The present disclosure relates to data processing and cloud computing, and in particular to a stream computing method and apparatus based on directed acyclic graph (DAG) interaction.

BACKGROUND

Stream computing is a computing mode different from batch computing. It can well analyze large-scale continuous data in real time during an ever-changing movement process, extract useful information, and quickly transfer a computation result to a downstream node. After a user configures a batch interval, a checkpoint and other information, and composes a DAG of job stream execution by dragging, the DAG graph is processed by using the ideal of microbatches of SparkStreaming, to be transformed into an executable program logic, which is then submitted to a computing cluster for execution. In addition, in a current real-time job stream computing solution, nodes in the DAG are managed in a distributed manner, which means that each node has its own encapsulation logic, and is distinguished by field information described for the node.

However, as the amount of data increases and the demand for computational accuracy and real-time increases with each passing day, such a configuration has gradually caused problems. On one hand, as SparkStreaming regards a stream as a special case of a batch, and due to its underlying logic relying on time intervals, SparkStreaming is actually a near-real-time computing framework. Although it can implement part of the stream computing service, however, for some computing scenarios with a large data volume and high requirements on real-time and accuracy, such as an event level scenario and a stateful computing scenario, the computational accuracy and performance of SparkStreaming decline, and for scenarios where computing is distributed on multiple machines and there is a delay in data transmission, SparkStreaming running scenarios cannot meet customers' needs. On the other hand, the program of each node in the DAG is encapsulated in a different computational logic. Therefore, in a complex service logic, a job stream and the initialization of its nodes and related class loading will inevitably cause great network and time overhead, which affects system performance.

SUMMARY

According to one aspect of the present disclosure, a stream computing method based on directed acyclic graph (DAG) interaction is provided, including the following steps: generating first DAG job stream description information according to a first DAG node graph composed of DAG nodes belonging to a first type set; converting the first DAG job stream description information into second DAG job stream description information by converting the DAG nodes belonging to the first type set into DAG nodes belonging to a second type set suitable for a FLINK engine; encapsulating the second DAG job stream description information into a DAG execution package, the DAG execution package including the second DAG job stream description information and an arithmetic logic of nodes associated with the second DAG job stream description information; and sending the DAG execution package to a job running cluster.

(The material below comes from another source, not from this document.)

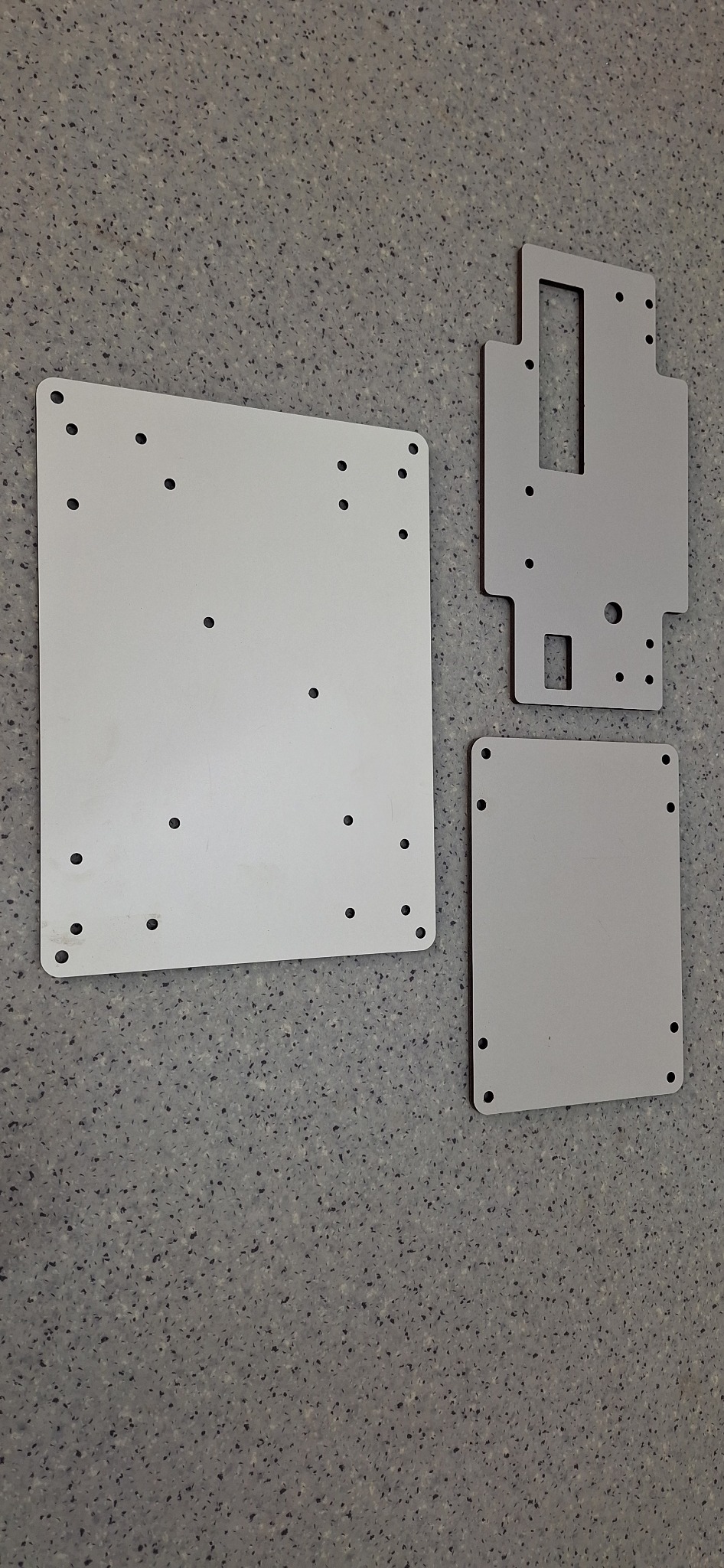 Trzy precyzyjnie wycięte, metalowe płyty z otworami, leżące na szarej, nakrapianej powierzchni.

According to another aspect of the present disclosure, a stream computing apparatus based on directed acyclic graph (DAG) interaction is provided, including: a job generation unit, configured to generate first DAG job stream description information according to a first DAG node graph composed of DAG nodes belonging to a first type set; a job processing unit, configured to convert the first DAG job stream description information into second DAG job stream description information by converting the DAG nodes belonging to the first type set into DAG nodes belonging to a second type set suitable for a FLINK engine; and a job submission unit, configured to encapsulate the second DAG j ob stream description information into a DAG execution package and send the DAG execution package to a job running cluster, wherein the DAG execution package includes the second DAG job stream description information and an arithmetic logic of nodes associated with the second DAG job stream description information.

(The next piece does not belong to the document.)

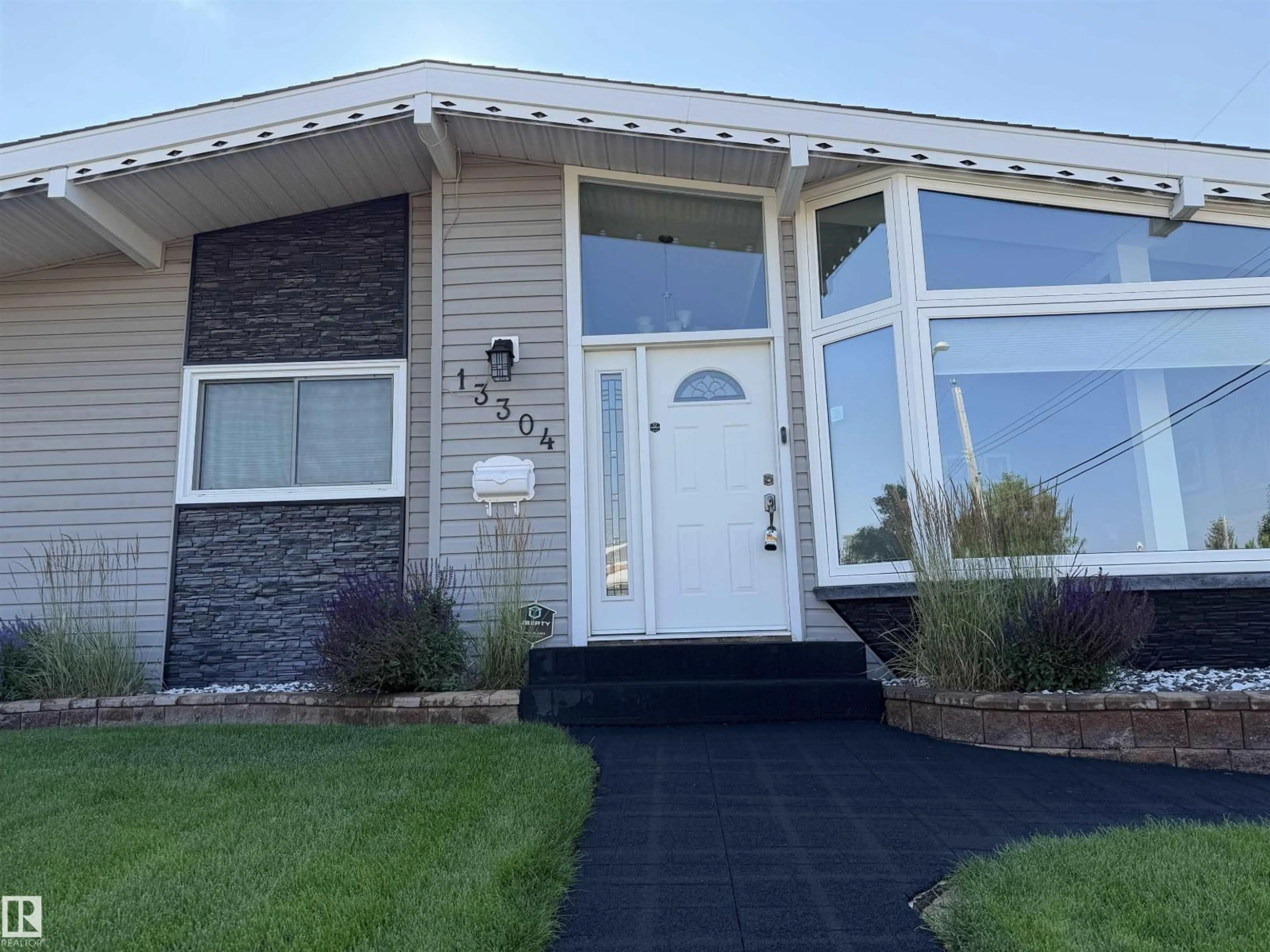Home with vinyl exterior material, street for NW - 13304 70 ST, Edmonton Alberta T5C0K3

According to yet another aspect of the present disclosure, an electronic device is also provided, including: a processor; and a memory storing a program, the program including instructions that, when executed by the processor, cause the processor to execute a method comprising the following steps: generating first DAG job stream description information according to a first DAG node graph composed of DAG nodes belonging to a first type set; converting the first DAG job stream description information into second DAG job stream description information by converting the DAG nodes belonging to the first type set into DAG nodes belonging to a second type set suitable for a FLINK engine; encapsulating the second DAG job stream description information into a DAG execution package, the DAG execution package comprising the second DAG job stream description information and an arithmetic logic of nodes associated with the second DAG job stream description information; and sending the DAG execution package to a job running cluster.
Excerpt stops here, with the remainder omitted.